(Collected data)
++++++++++++++++++++

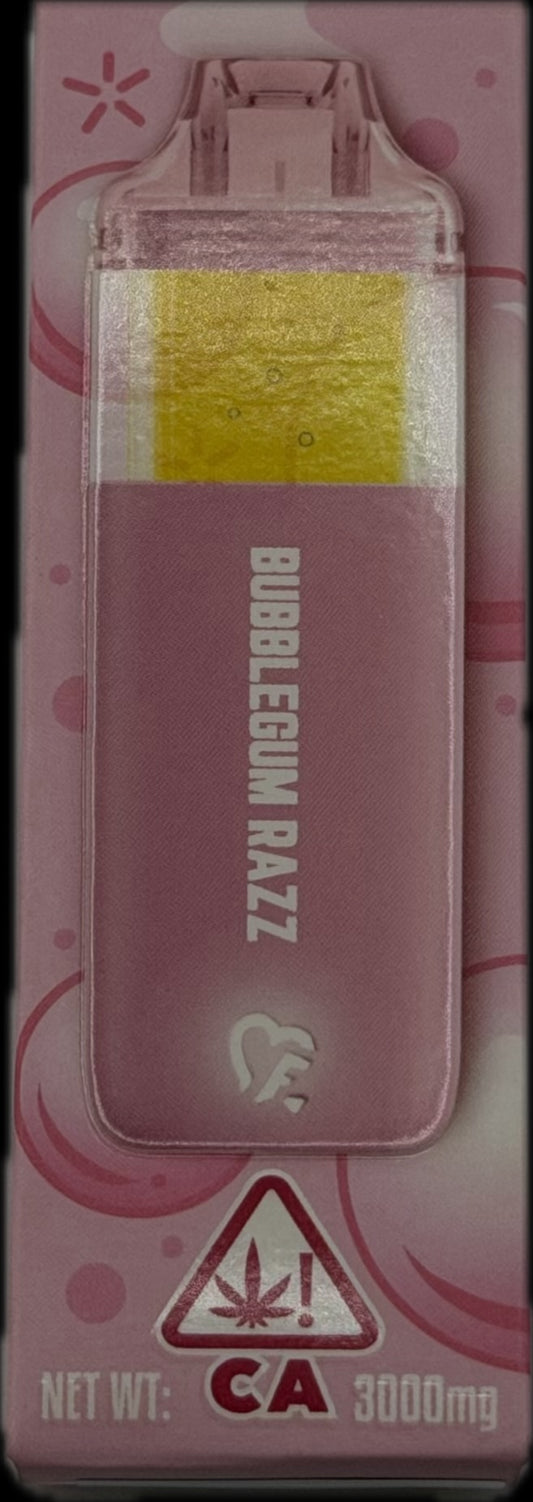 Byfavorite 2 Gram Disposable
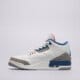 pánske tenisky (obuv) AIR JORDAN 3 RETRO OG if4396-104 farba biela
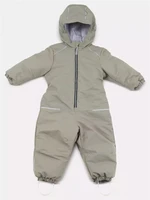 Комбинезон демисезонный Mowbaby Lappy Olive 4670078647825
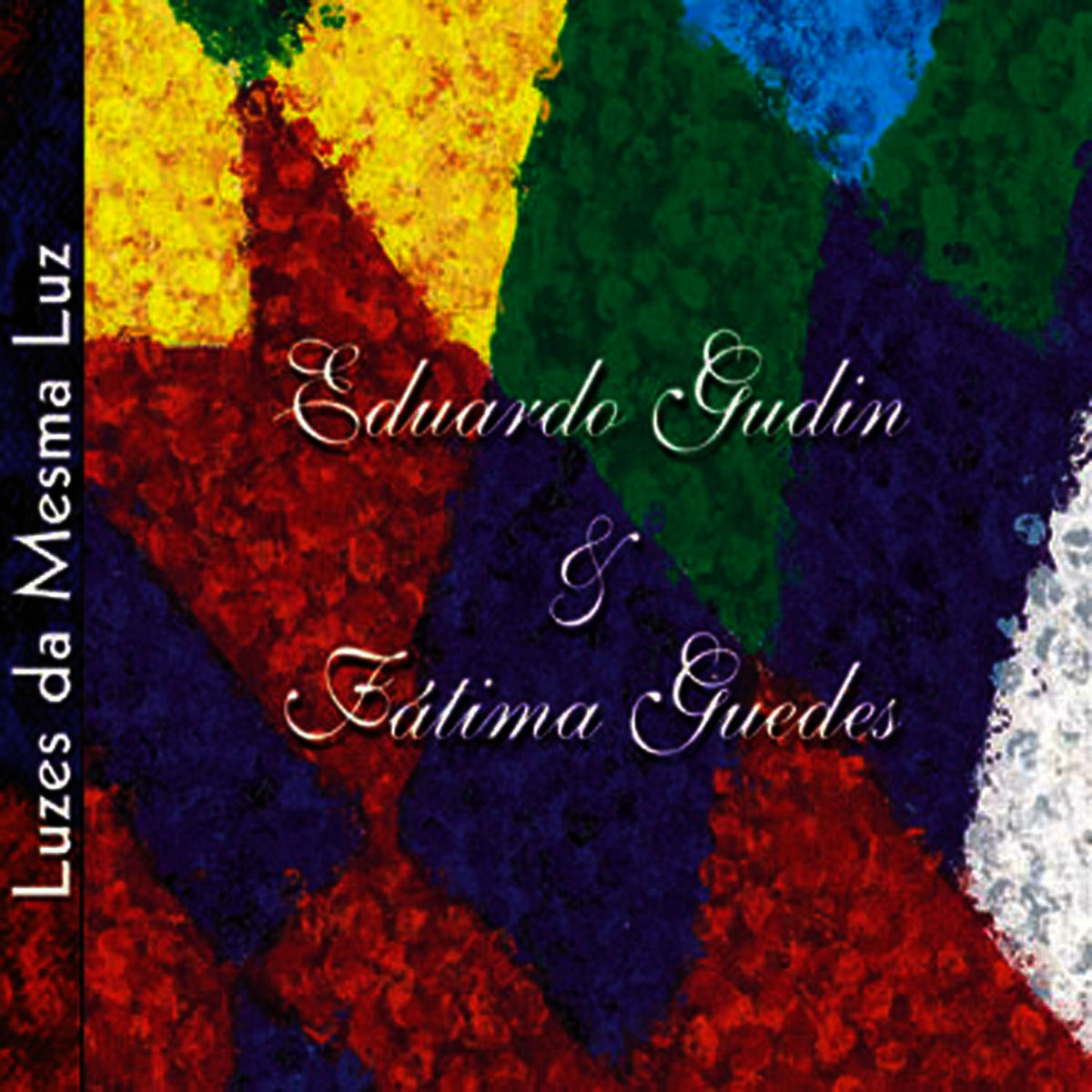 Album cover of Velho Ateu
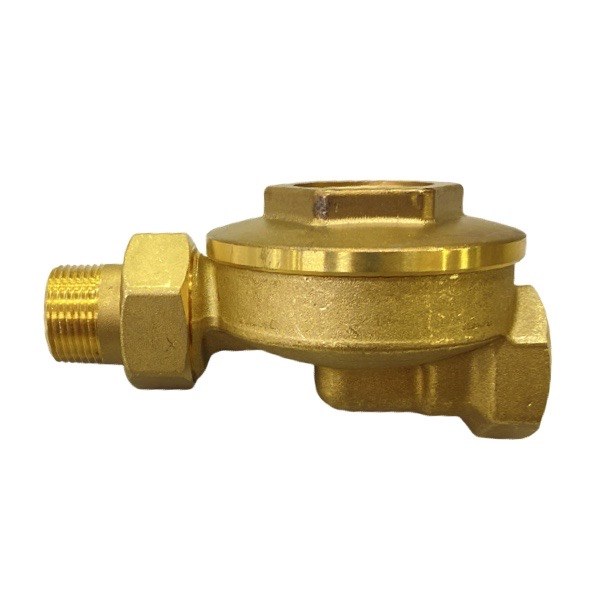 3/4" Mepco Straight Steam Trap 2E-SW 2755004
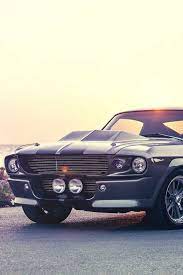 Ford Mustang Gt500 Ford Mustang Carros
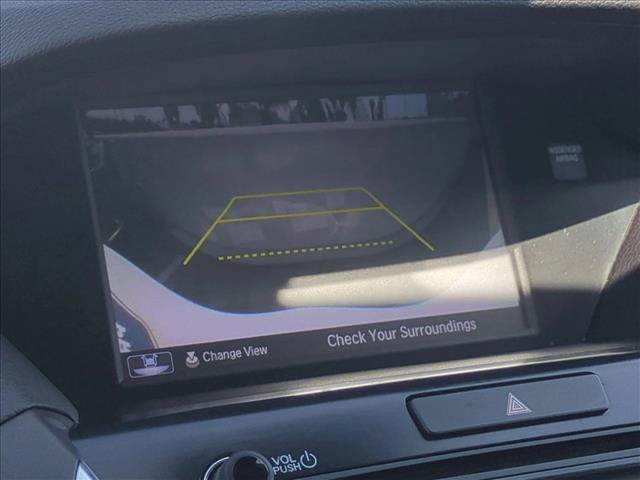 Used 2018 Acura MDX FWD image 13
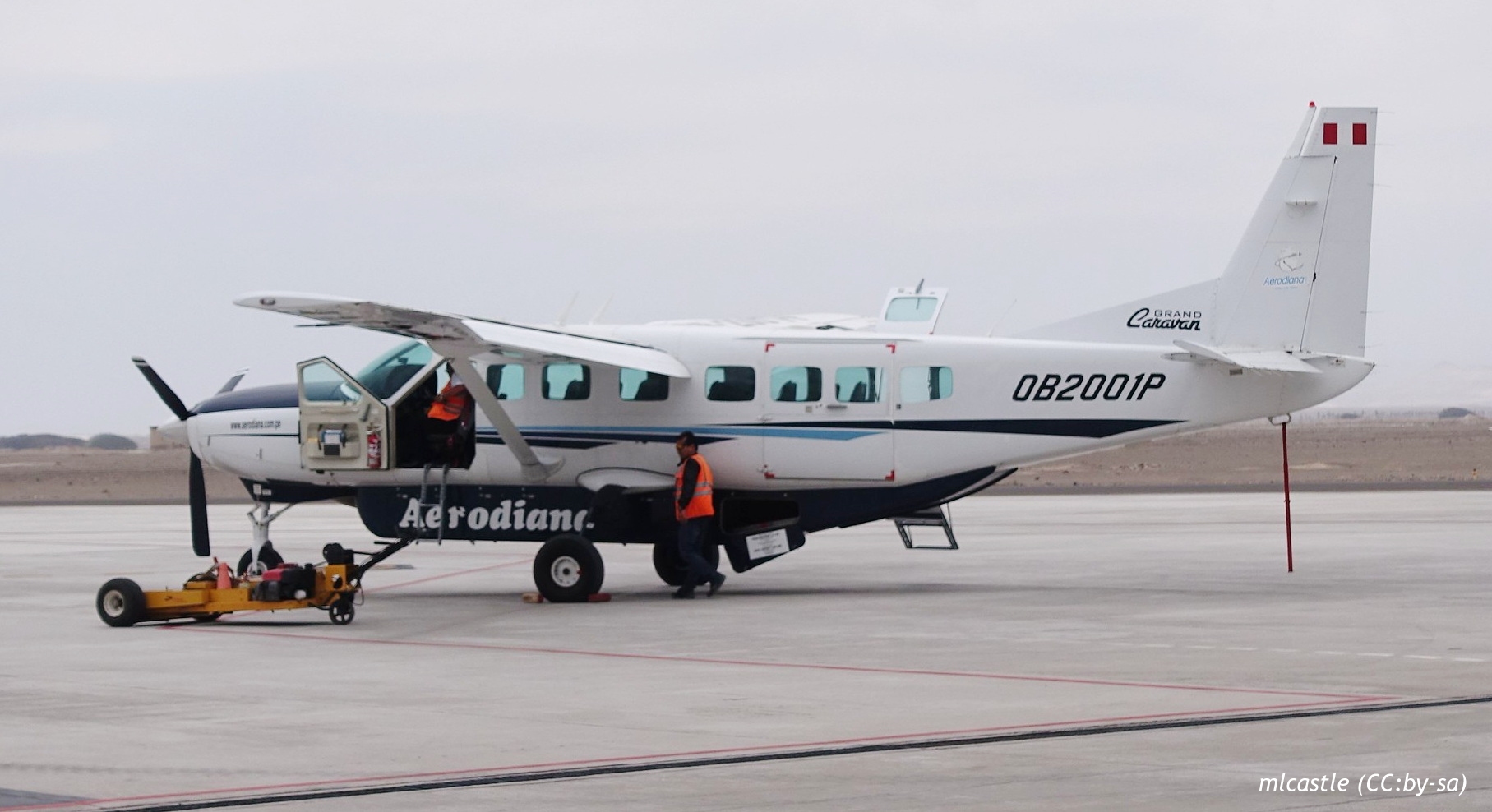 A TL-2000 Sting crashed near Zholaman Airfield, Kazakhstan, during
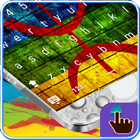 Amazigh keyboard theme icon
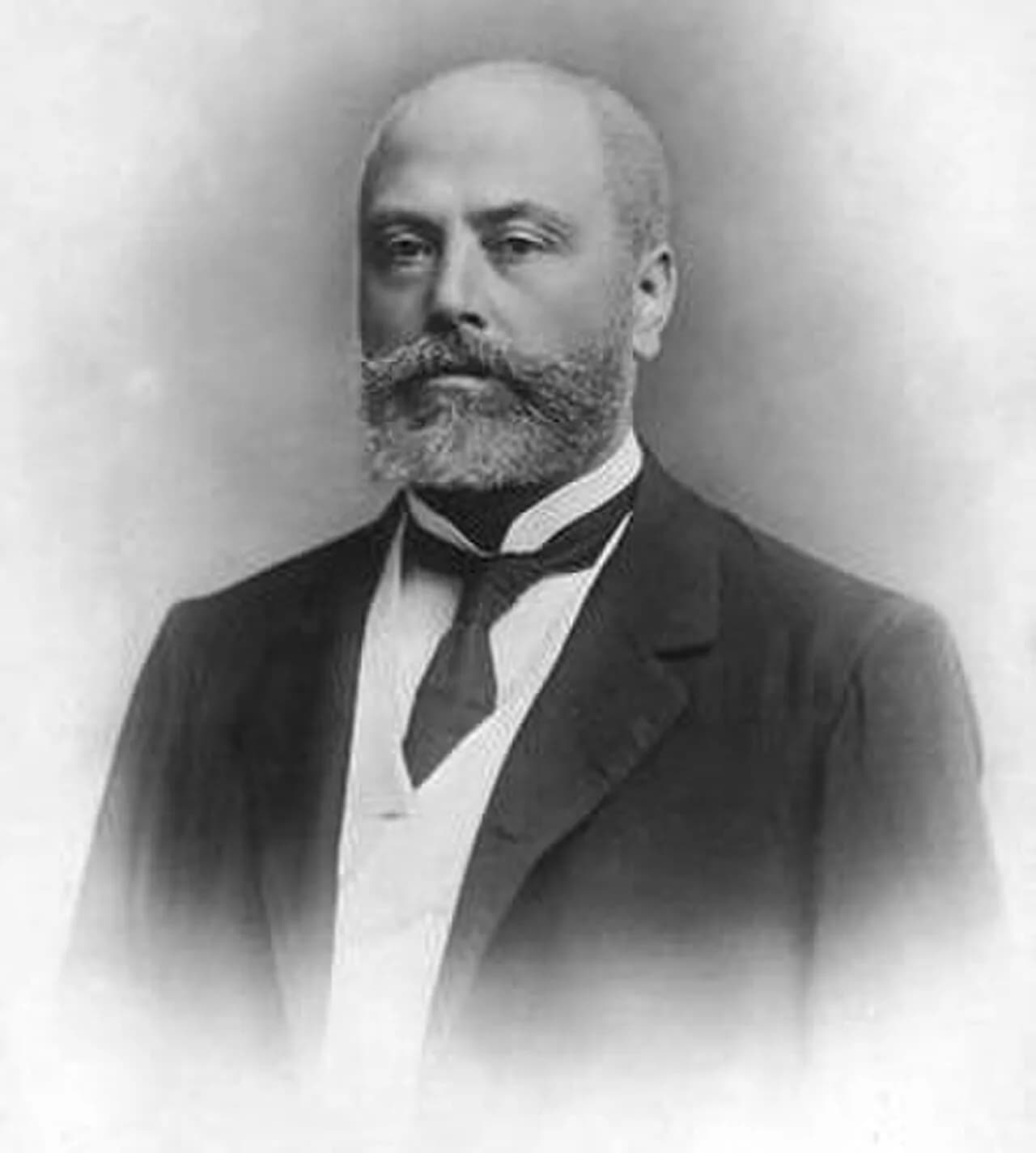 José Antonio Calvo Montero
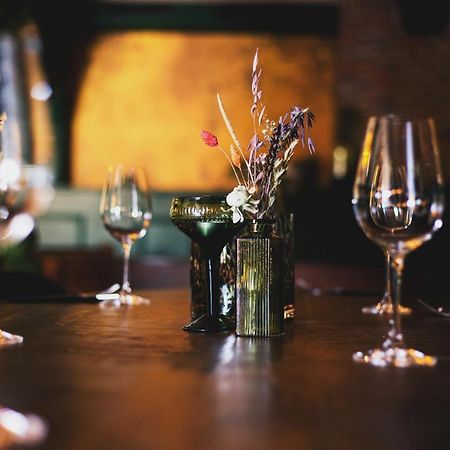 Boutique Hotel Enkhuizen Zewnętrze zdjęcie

++++++++++++++++++++

What the task requires =>
Give each record above back word for word, but carry over none of the pictures.

Written answer =>
 Byfavorite 2 Gram Disposable
 pánske tenisky (obuv) AIR JORDAN 3 RETRO OG if4396-104 farba biela
 Комбинезон демисезонный Mowbaby Lappy Olive 4670078647825
 Album cover of Velho Ateu
 3/4" Mepco Straight Steam Trap 2E-SW 2755004
 Ford Mustang Gt500 Ford Mustang Carros
 Used 2018 Acura MDX FWD image 13
 A TL-2000 Sting crashed near Zholaman Airfield, Kazakhstan, during
 Amazigh keyboard theme icon
 José Antonio Calvo Montero
 Boutique Hotel Enkhuizen Zewnętrze zdjęcie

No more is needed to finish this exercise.